### What you need to do:
From the material below, return exactly the lines starting at the one that holds "Wanke Metropolis - View 4" and ending at the one that holds "0 John Kay Road". Pictures stay out of the answer.

:: Source data ::

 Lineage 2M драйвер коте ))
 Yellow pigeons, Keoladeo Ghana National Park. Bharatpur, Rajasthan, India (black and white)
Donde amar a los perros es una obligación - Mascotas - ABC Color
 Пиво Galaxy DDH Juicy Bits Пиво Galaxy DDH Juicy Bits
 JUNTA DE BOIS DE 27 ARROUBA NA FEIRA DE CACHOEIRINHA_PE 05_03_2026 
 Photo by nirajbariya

:::
:: Source data ::

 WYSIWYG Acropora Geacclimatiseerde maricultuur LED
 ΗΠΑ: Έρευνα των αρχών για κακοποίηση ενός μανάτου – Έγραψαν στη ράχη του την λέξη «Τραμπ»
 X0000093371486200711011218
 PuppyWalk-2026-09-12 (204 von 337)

:::
:: Source data ::

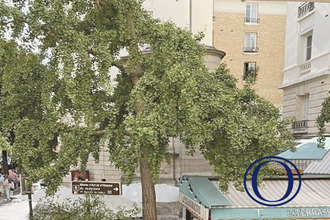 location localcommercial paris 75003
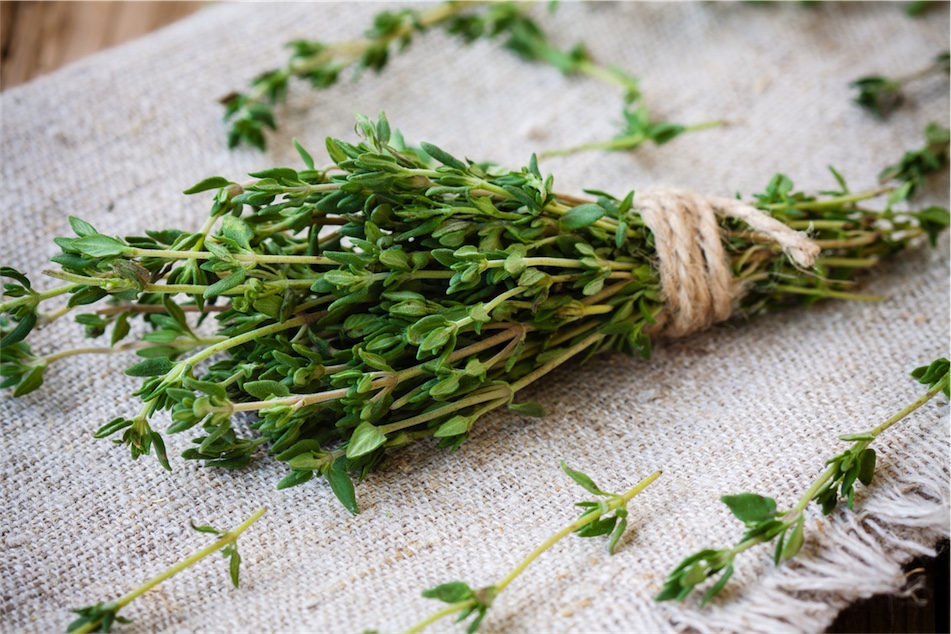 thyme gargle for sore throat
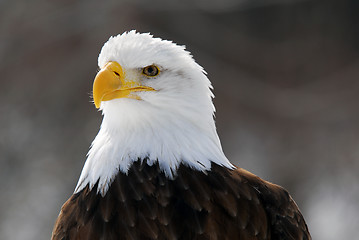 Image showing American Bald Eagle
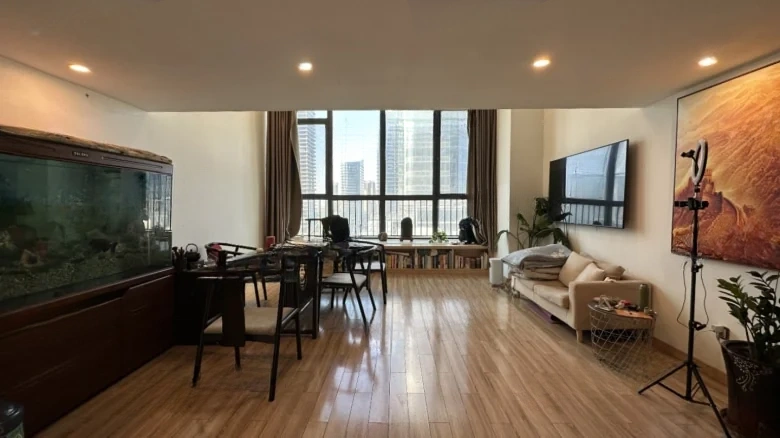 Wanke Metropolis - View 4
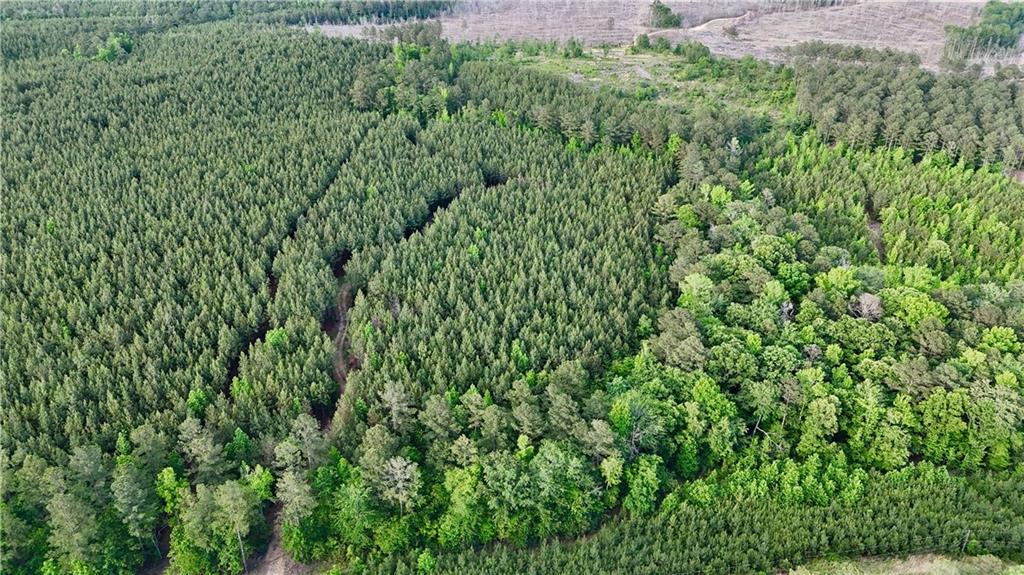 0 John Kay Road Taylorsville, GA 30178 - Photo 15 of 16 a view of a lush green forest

:::

### Output for this task:
 Wanke Metropolis - View 4
 0 John Kay Road Taylorsville, GA 30178 - Photo 15 of 16 a view of a lush green forest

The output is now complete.